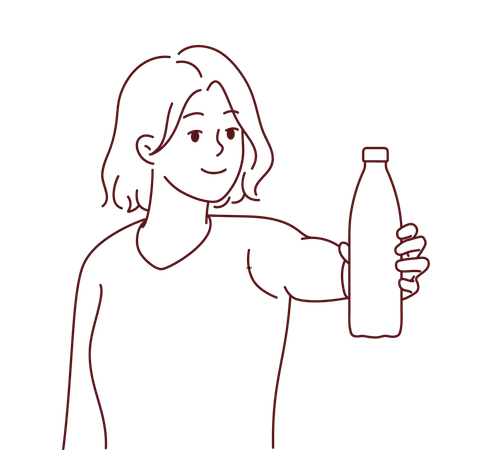 Chica ofreciendo botella de agua  Ilustración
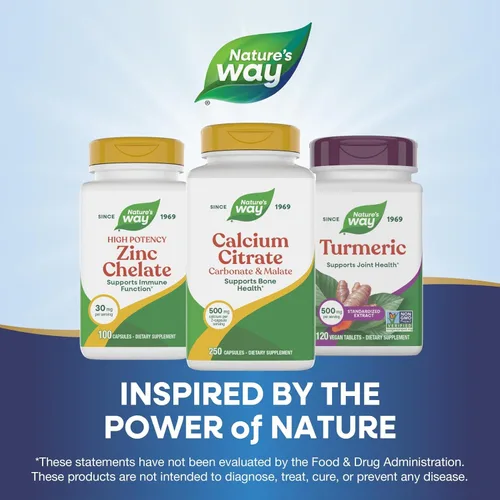 Miniatura 7 de Nature's Way Citrato de calcio, 500 mg de calcio por porción de 2 cápsulas, para la salud ósea y la función muscular*, mezcla de citrato, carbonato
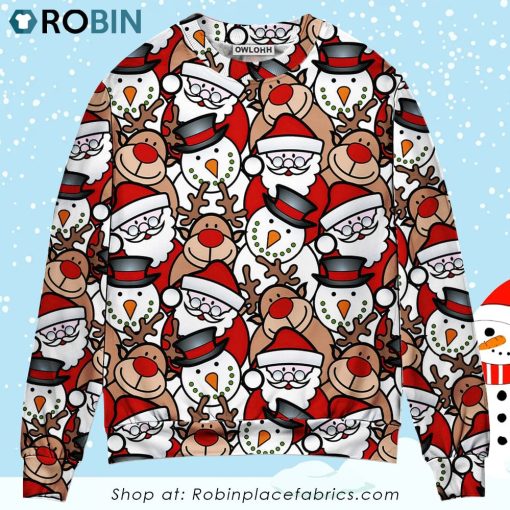 Christmas Cutie Santa And Reindeer Funny Style Ugly Christmas Sweater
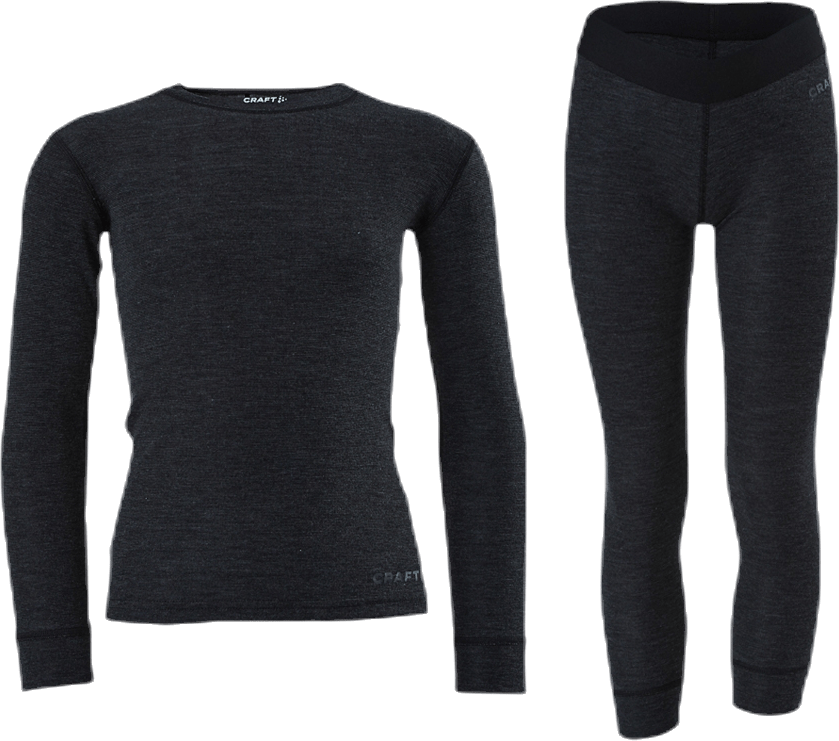 Core Wool Merino Set Junior Black, Unisex, Apparels, base layers, Alpine sports, Black, 158/164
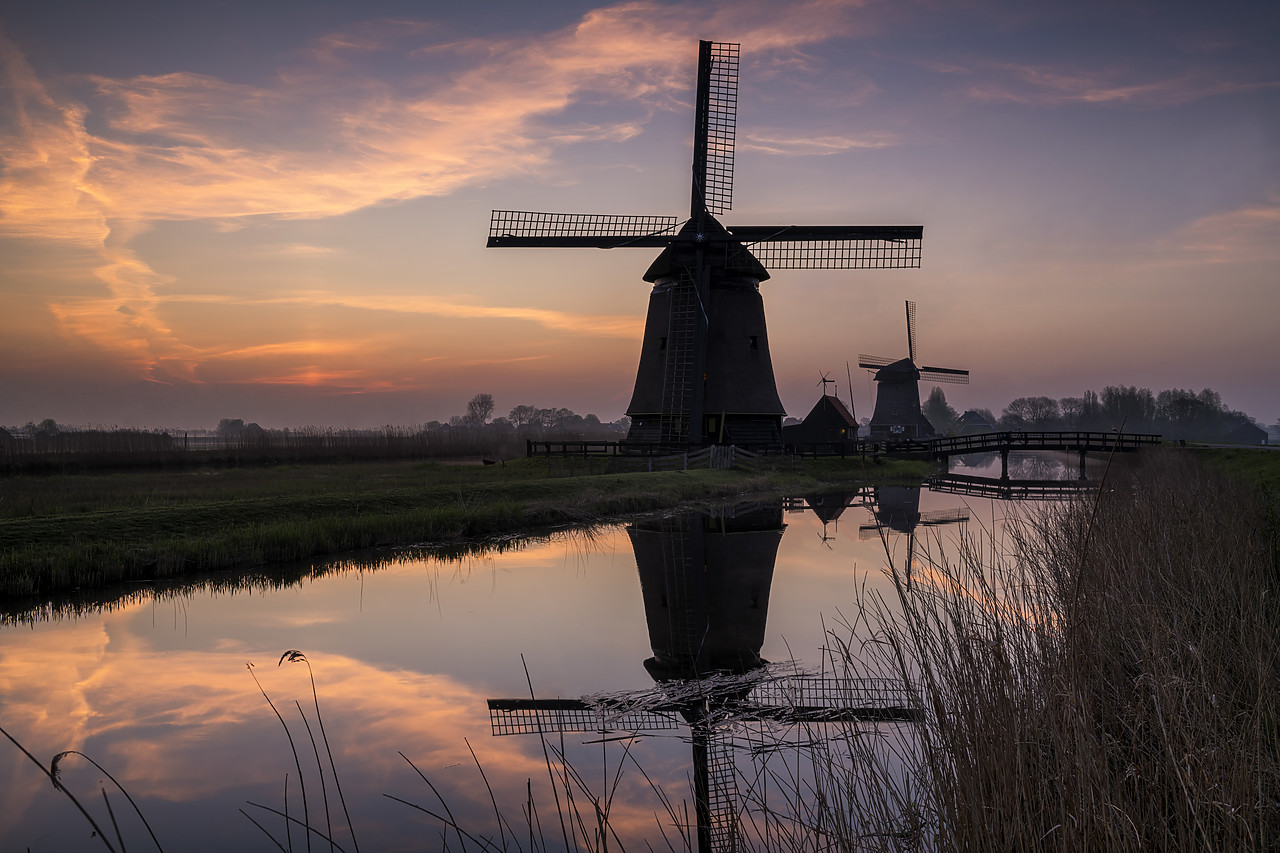 #180357-1 - Windmills at Sunrise, Oterleek, Holland, Netherlands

****************

◆ **How to complete this task**
Exact repetition required: repeat the first line of the listing above, the line containing "Miniatura 7 de", and every line between, leaving out pictures.

◆ **Result of this exercise**
 Chica ofreciendo botella de agua  Ilustración
 Miniatura 7 de Nature's Way Citrato de calcio, 500 mg de calcio por porción de 2 cápsulas, para la salud ósea y la función muscular*, mezcla de citrato, carbonato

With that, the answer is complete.